> **YOUR TASK**:
Images excepted, the data below must be repeated exactly.

> **DATASET SECTION**:
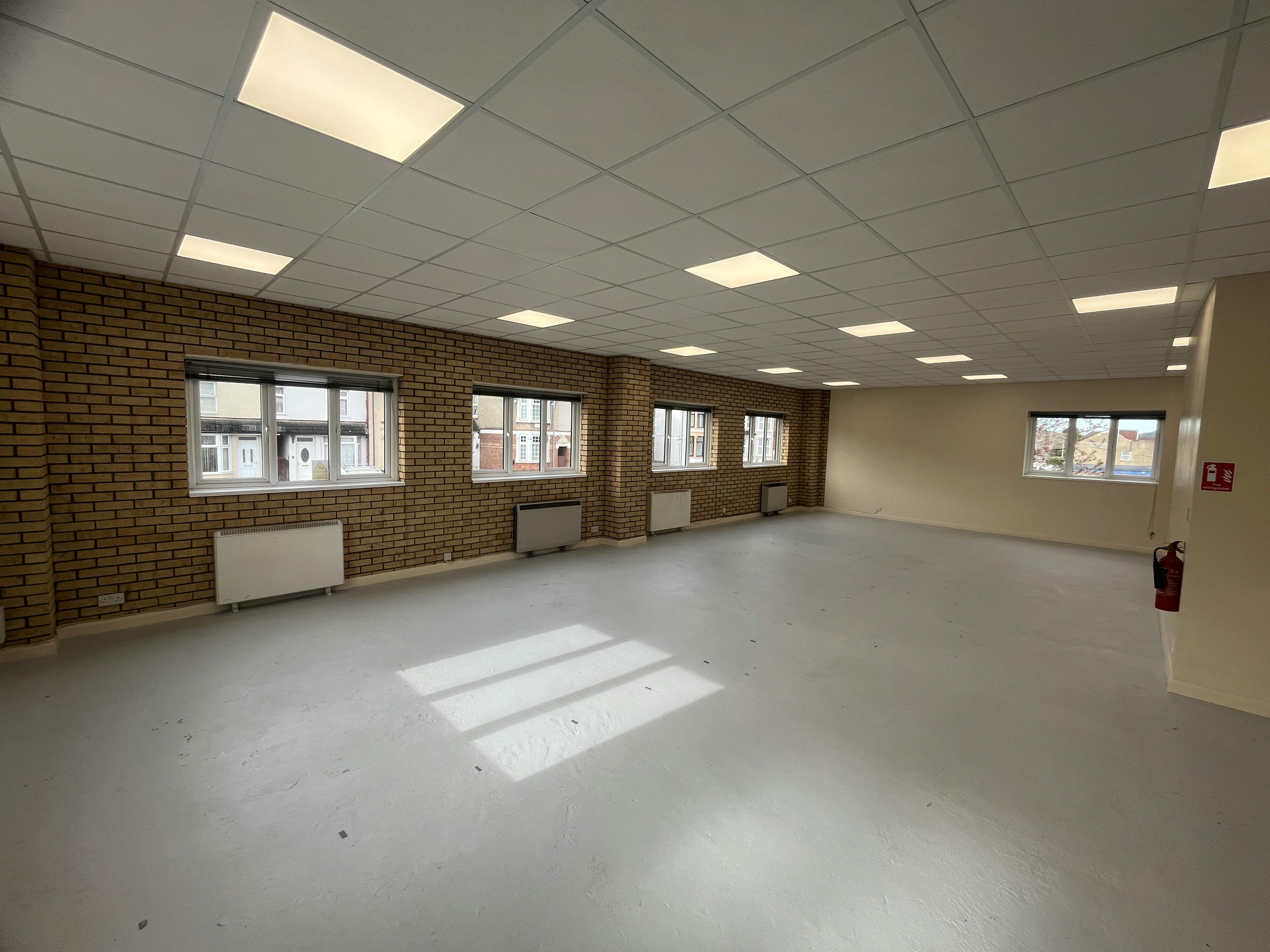 Unit 4, High Wycombe, Industrial / Offices To Let - 20250328_091339187_iOS.jpg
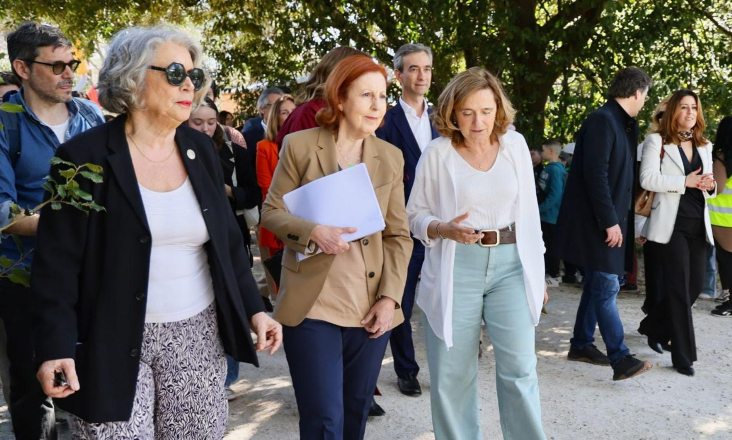 Ministra do Ambiente apela aos portugueses para produzirem menos lixo e reciclarem mais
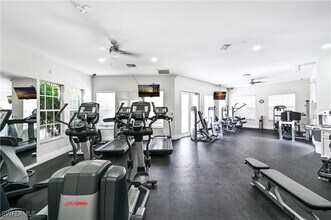 6453 Autumn Woods Blvd in Naples, FL - Foto de edificio - Building Photo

> **ANSWER FOR THE TASK**:
 Unit 4, High Wycombe, Industrial / Offices To Let - 20250328_091339187_iOS.jpg
 Ministra do Ambiente apela aos portugueses para produzirem menos lixo e reciclarem mais
 6453 Autumn Woods Blvd in Naples, FL - Foto de edificio - Building Photo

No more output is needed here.